22 Mai 2010 Publié dans #Aéroport Notre- Dame-des-Landes

Greenpeace obtient l’annulation du projet d’extension de l’aéroport londonien d’Heathrow

 

Excellente nouvelle pour le climat au Royaume-Uni : le nouveau gouvernement britannique a annoncé la semaine dernière l’annulation du projet d’extension d’Heathrow, le principal aéroport de Londres. Greenpeace et les résidents locaux se félicitent de cette belle victoire, qui vient couronner huit années de campagne et qui coupe court à un projet climaticide.

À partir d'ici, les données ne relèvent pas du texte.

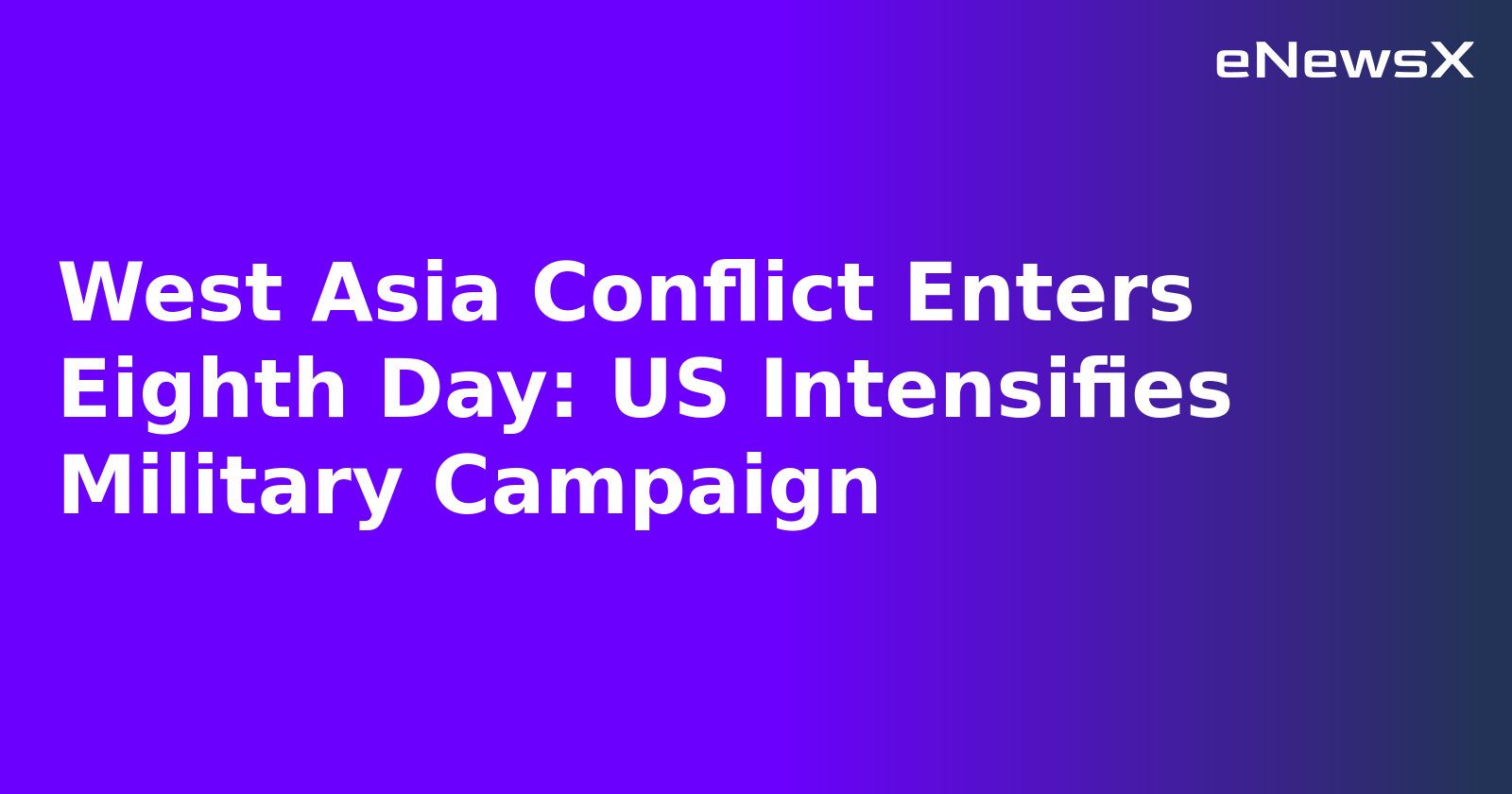 West Asia Conflict Enters Eighth Day: US Intensifies Military Campaign.webp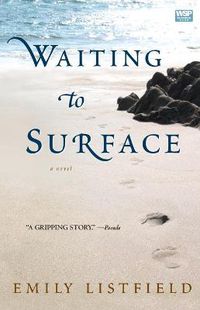 Cover image for Waiting to Surface: A Novel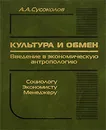 Культура и обмен. Введение в экономическую антропологию - А. А. Сусоколов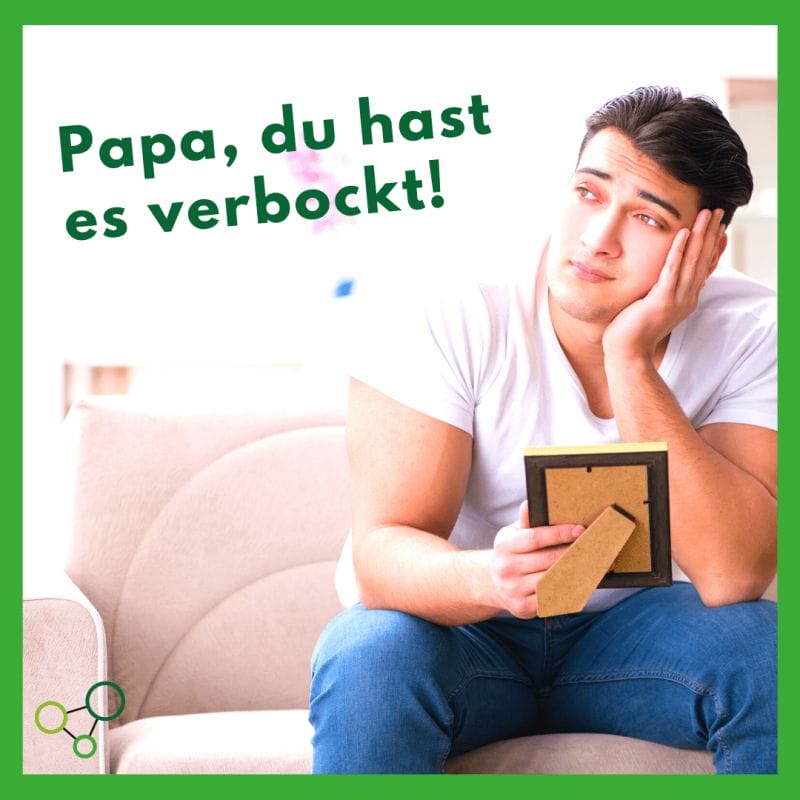 Papa, du hast es verbockt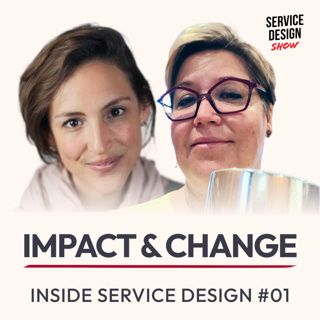Navigating Change and Building Impact / Inside Service Design / Ep. #01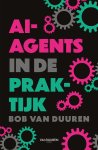 Bob van Duuren - AI-agents in de praktijk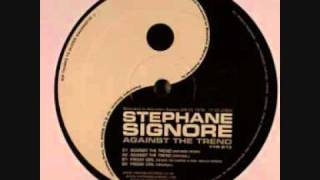 A2 - Stephane Signore - Against The Trend (Original Mix)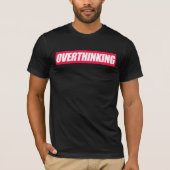 Overdenkende Citaat T-shirt (Voorkant)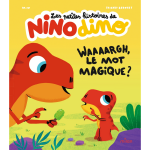 Les petites histoires de nino dino - waaaargh, le mot magique�? (jeunesse)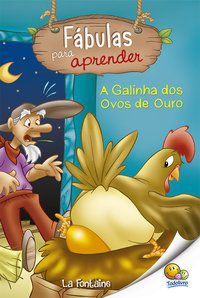 FÁBULAS PARA APRENDER:GALINHA DOS OVOS DE... - AUTOR(A): BELLI, ROBERTO
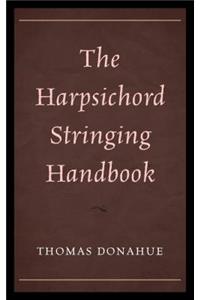 Harpsichord Stringing Handbook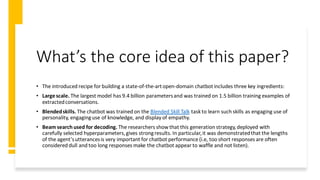 What’s the core idea of this paper?
• The introduced recipe for building a state-of-the-artopen-domain chatbotincludes three key ingredients:
• Largescale. The largest model has 9.4 billion parametersand was trained on 1.5 billion training examples of
extractedconversations.
• Blendedskills. The chatbot was trained on the Blended Skill Talk task to learn such skills as engaging use of
personality, engaginguse of knowledge, and display of empathy.
• Beam search used for decoding. The researchers show that this generation strategy,deployed with
carefully selected hyperparameters,gives strongresults. In particular,it was demonstratedthat the lengths
of the agent’sutterancesis very important for chatbot performance (i.e, too short responses are often
considered dull and too long responses make the chatbot appear to waffle and not listen).
 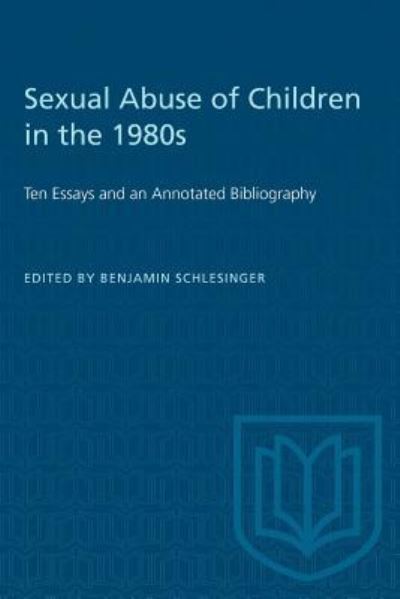 Cover for Benjamin Schlesinger · Sexual Abuse of Children in the 1980s Ten Essays and an Annotated Bibliography (Taschenbuch) (1986)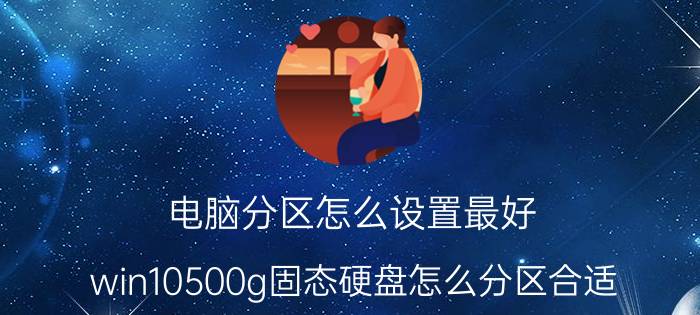 电脑分区怎么设置最好 win10500g固态硬盘怎么分区合适？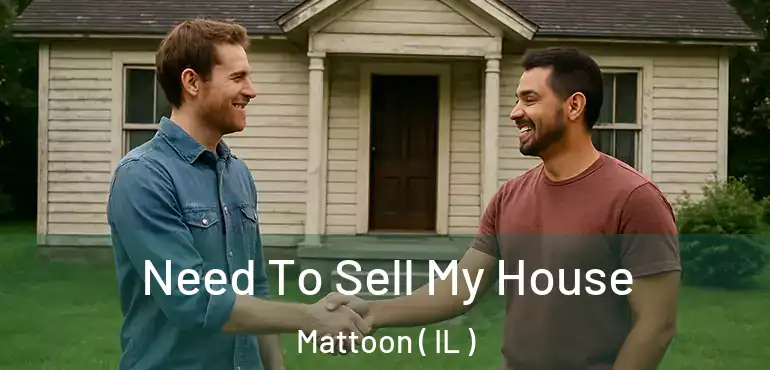 Need To Sell My House Mattoon ( IL )
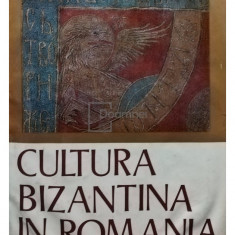 Ion Barnea - Cultura bizantina in Romania (editia 1971)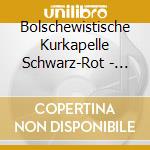 Bolschewistische Kurkapelle Schwarz-Rot - Kampfe cd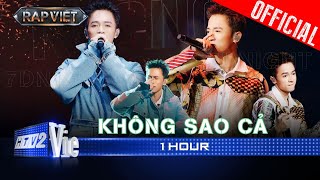 KHÔNG SAO CẢ - [1 HOUR] - 7dnight | Rap Việt 2024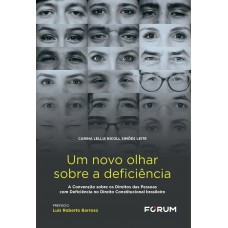 Um novo olhar sobre a deficiência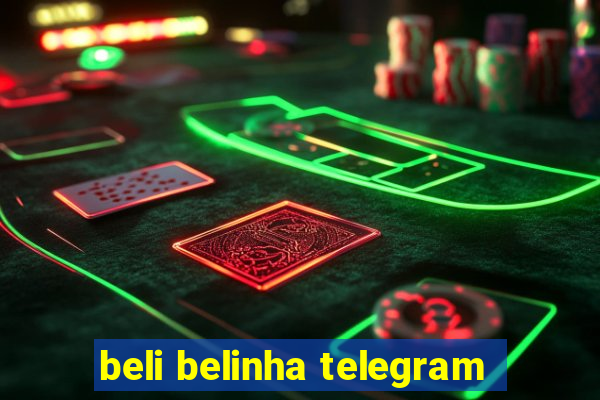 beli belinha telegram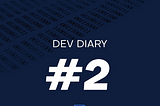Dev’s Diary #2. Some words before the sales start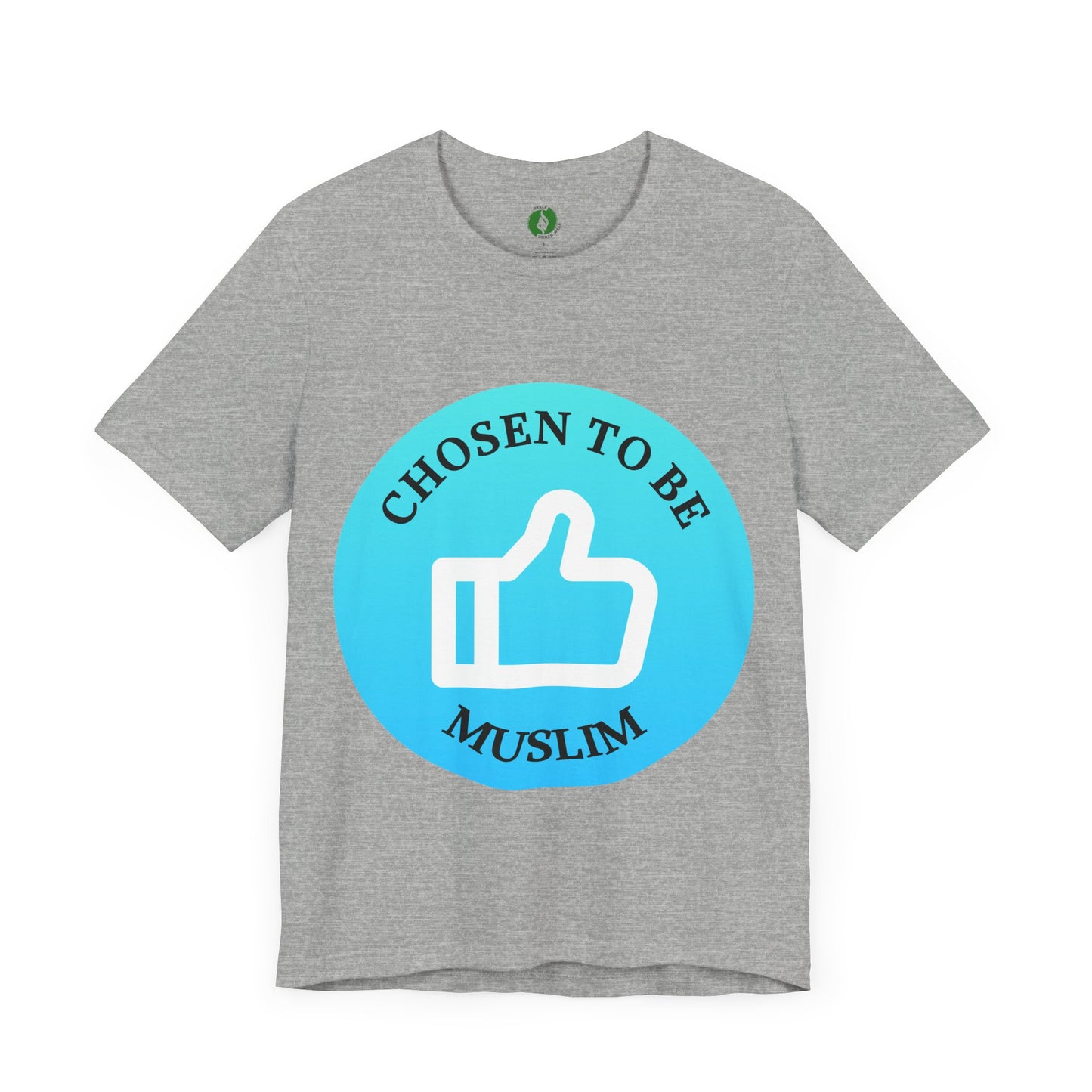 Chosen to Be Muslim Tee - Unisex Short Sleeve Jersey Shirt Islamic Streetwear T Shirt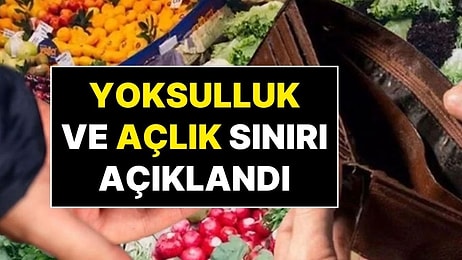 Ekim Ayı Açlık ve Yoksulluk Sınırı Açıklandı! Asgari Ücretin 4 Katından Fazla!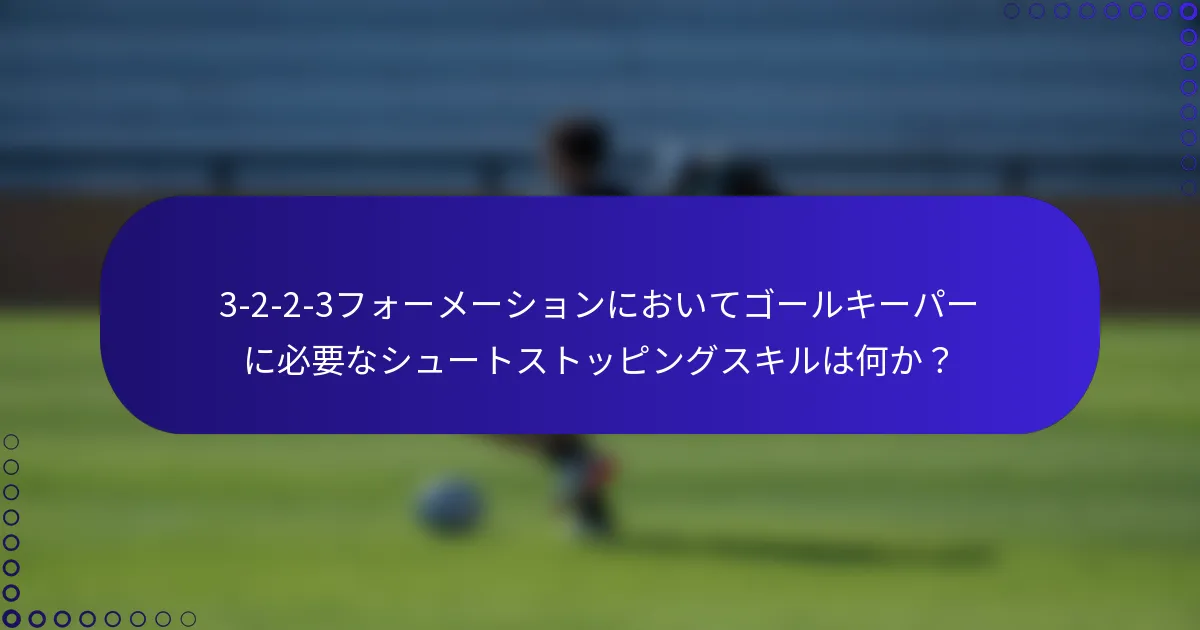 3-2-2-3フォーメーションにおいてゴールキーパーに必要なシュートストッピングスキルは何か？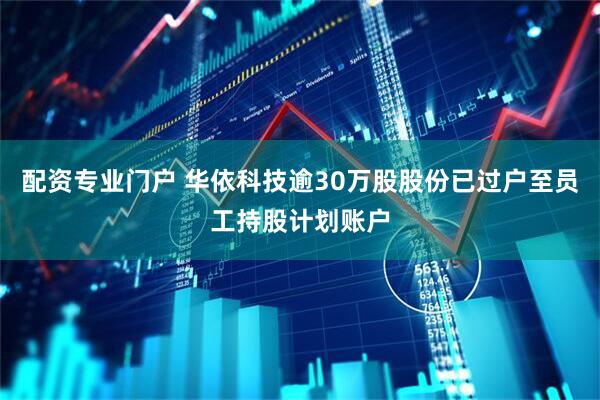 配资专业门户 华依科技逾30万股股份已过户至员工持股计划账户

« À l’heure où la lutte contre les changements climatiques est une priorité, le projet de construction d’une troisième piste d’aéroport apparaissait comme irresponsable et déraisonné. Aujourd’hui, cette victoire nous montre que la mobilisation citoyenne en faveur du climat peut payer ! », déclare Anaïz Parfait, chargée de campagne Climat à Greenpeace France.

 

Pour s’opposer à ce projet, Greenpeace a lancé une campagne baptisée « Airplot » (jeu de mots entre « airport », aéroport en anglais, et « plot », qui signifie « complot »).

 

Son principe était simple : acheter un terrain grand comme un stade de football, situé à l’orée du village de Sipson (700 foyers environ), qui est menacé de destruction par la construction d’une troisième piste pour l’aéroport d’Heathrow, et en diviser la propriété entre plusieurs milliers de personnes du monde entier. Objectif : créer un vrai casse-tête juridique pour le gouvernement…

 

Pari réussi : plus de 90 000 personnes ont « occupé » symboliquement le terrain affecté à l’expansion de l’aéroport, demandant l’annulation du projet aux parlementaires britanniques. Grâce à leur mobilisation, ce sont près de 3,5 millions de tonnes de CO2 qui ne seront pas rejetées dans l’atmosphère.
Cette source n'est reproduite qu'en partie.